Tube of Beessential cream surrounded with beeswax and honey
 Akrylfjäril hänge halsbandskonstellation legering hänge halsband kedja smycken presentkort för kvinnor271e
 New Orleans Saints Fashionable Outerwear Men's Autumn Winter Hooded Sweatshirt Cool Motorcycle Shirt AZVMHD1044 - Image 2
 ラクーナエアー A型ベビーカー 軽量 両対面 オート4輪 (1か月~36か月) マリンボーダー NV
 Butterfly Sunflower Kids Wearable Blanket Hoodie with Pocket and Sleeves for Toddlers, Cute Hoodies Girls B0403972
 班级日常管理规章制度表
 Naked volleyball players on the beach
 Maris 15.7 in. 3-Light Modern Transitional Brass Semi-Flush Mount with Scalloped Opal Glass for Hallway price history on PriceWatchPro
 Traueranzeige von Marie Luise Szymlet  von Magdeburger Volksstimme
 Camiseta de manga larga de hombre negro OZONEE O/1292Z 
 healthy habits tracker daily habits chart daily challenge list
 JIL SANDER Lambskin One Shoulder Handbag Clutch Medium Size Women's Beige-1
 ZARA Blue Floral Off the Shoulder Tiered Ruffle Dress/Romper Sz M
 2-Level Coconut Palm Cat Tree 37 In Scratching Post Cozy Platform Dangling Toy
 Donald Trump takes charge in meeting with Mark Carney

—————

● Brief: Reprint the data above from the opening line to the line holding "New Orleans Saints", inclusive, and nothing else.

● Answer to the exercise:
Tube of Beessential cream surrounded with beeswax and honey
 Akrylfjäril hänge halsbandskonstellation legering hänge halsband kedja smycken presentkort för kvinnor271e
 New Orleans Saints Fashionable Outerwear Men's Autumn Winter Hooded Sweatshirt Cool Motorcycle Shirt AZVMHD1044 - Image 2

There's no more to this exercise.